Unemployment in the 17-nation euro area was 12 percent in February and the January figure was revised up to the same level from 11.9 percent estimated earlier, the European Union’s statistics office in Luxembourg said today. That is the highest since the data series started in 1995 and matches the median estimate of 31 economists in a Bloomberg News survey.
The euro-zone economy has contracted for five straight quarters and that trend is forecast to continue in the first three months of this year, a separate Bloomberg survey shows. The European Central Bank, which holds a rate-setting meeting this week, forecasts the economy will shrink 0.5 percent in 2013. The ECB has held its key rate at 0.75 percent since July.
“An end to the euro zone’s labor-market downturn is not yet in sight,” Martin van Vliet, economist at ING Bank NV, said in a research note. “We cannot fully rule out a surprise rate cut or new unconventional support on Thursday.”
The euro was down 0.1 percent from yesterday and traded at $1.2836 at 10:37 a.m. in London.
Today’s report showed that 19.1 million people were unemployed in the euro area in February, up 33,000 from the previous month.
The European Commission predicts unemployment rates of 12.2 percent this year and 12.1 percent in 2014. ECB President Mario Draghi said on March 7 that “it is of particular importance at this juncture to address the current high long-term and youth unemployment.”
Businesses ranging from banks to carmakers and airlines are trying to cut costs by shedding jobs. Spain’s CaixaBank last week reached an accord with its unions to cut 2,600 jobs. Danone, the owner of Evian bottled-water and Activia yogurt, plans to shed 900 jobs in Europe as demand weakens.
Fiat SpA Chief Executive Officer Sergio Marchionne last month spoke out against deeper budget cuts. “I understand austerity, but we can lose weight until we die,” he said.
Renault SA CEO Carlos Ghosn urged government spending to revive the region’s anemic car sales, which he forecast won’t recover for another three years.

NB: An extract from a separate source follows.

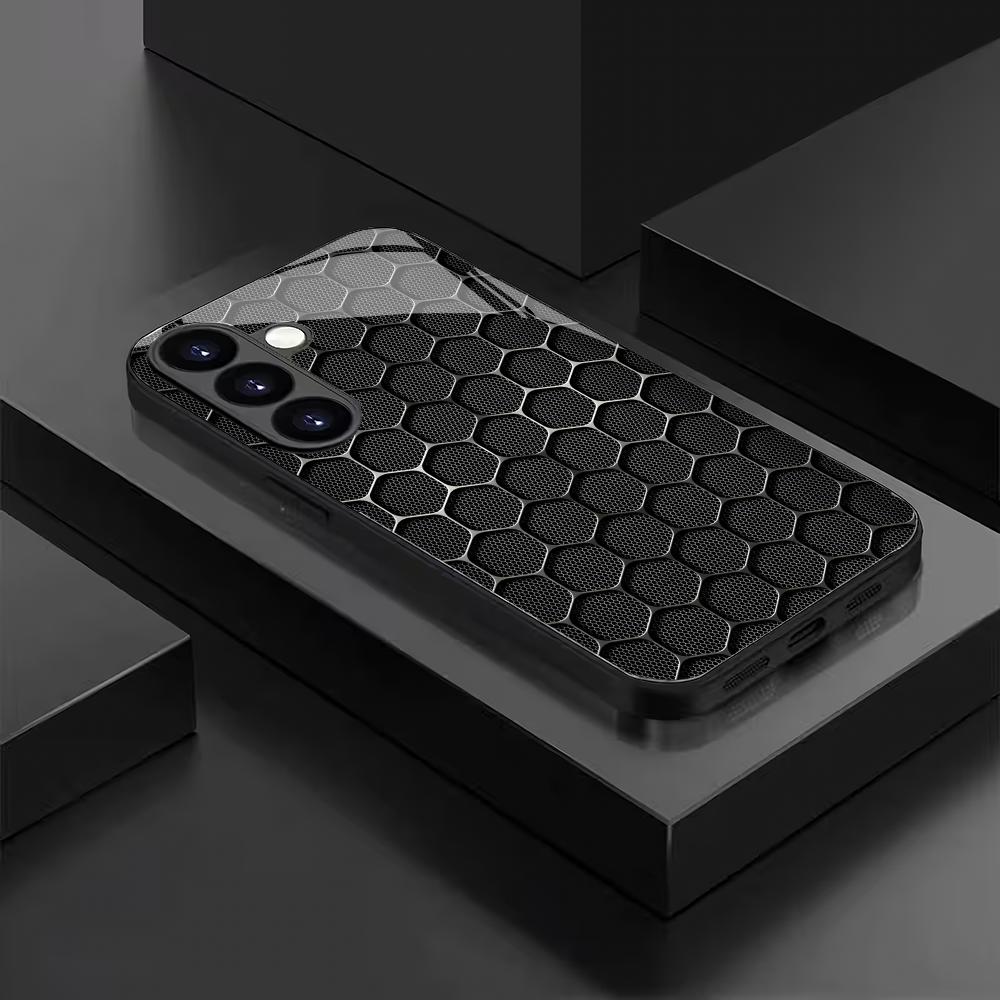 Чехол для телефона из закаленного стекла с сотовым рисунком, подходит для Samsung Galaxy S26 S25 S24 S23 S22 S20 FE/Ultra/Plus, защита от отпечатков пальцев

The strains in the region have spread to the U.K., where a measure of manufacturing contracted for a second month amid weak demand in Europe for British exports. A gauge of factory activity was 48.3 in March, the second month of contraction, Markit Economics said today.

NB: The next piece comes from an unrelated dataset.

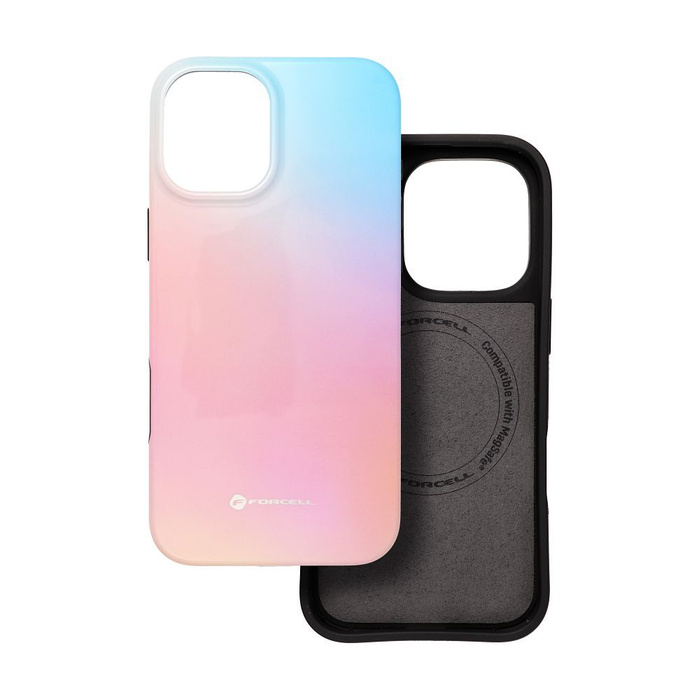 Etui na iPhone 16 PLUS Forcell F-Protect Mirage zgodny z MagSafe Military Drop-Test pinky blue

A separate release in the euro area showed a manufacturing gauge at 46.8. That compares with an initial estimate of 46.6 on March 21. The index in Germany, the region’s largest economy, was at 49.

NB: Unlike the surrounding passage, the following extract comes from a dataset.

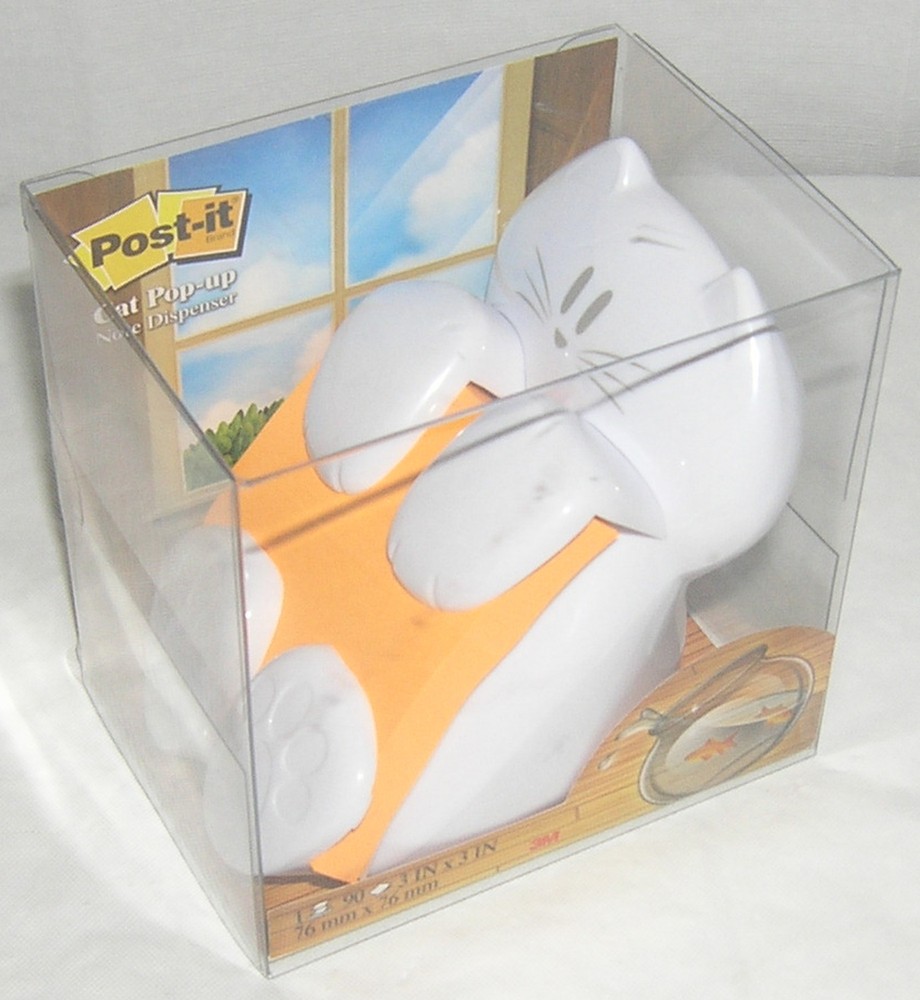 POST IT NOTE DISPENSER KITTY CAT WHITE HOME SCHOOL OFFICE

The Purchasing Managers’ Index for China rose to 50.9 last month, an 11-month high, from 50.1 in February, the National Bureau of Statistics and China Federation of Logistics and Purchasing said on April 1. A separate gauge from HSBC Holdings Plc and Markit Economics rose to 51.6 in March from 50.4.
Elsewhere, Australia’s central bank kept its benchmark interest rate unchanged to match a half-century low in response to a recovery in household spending as traders pushed out bets on the next reduction in borrowing costs.
Governor Glenn Stevens left the overnight cash-rate target at 3 percent, saying “recent information suggests that moderate growth in private consumption spending is occurring,” according to a Reserve Bank of Australia statement in Sydney today. “There are a number of indications that the substantial easing of monetary policy during late 2011 and 2012 is having an expansionary effect.”
Data due today in the U.S. will probably show that orders to U.S. factories rose 2.9 percent in February, according to the median estimate of 60 economists in a Bloomberg poll. Bookings dropped 2 percent in January, the most in five months.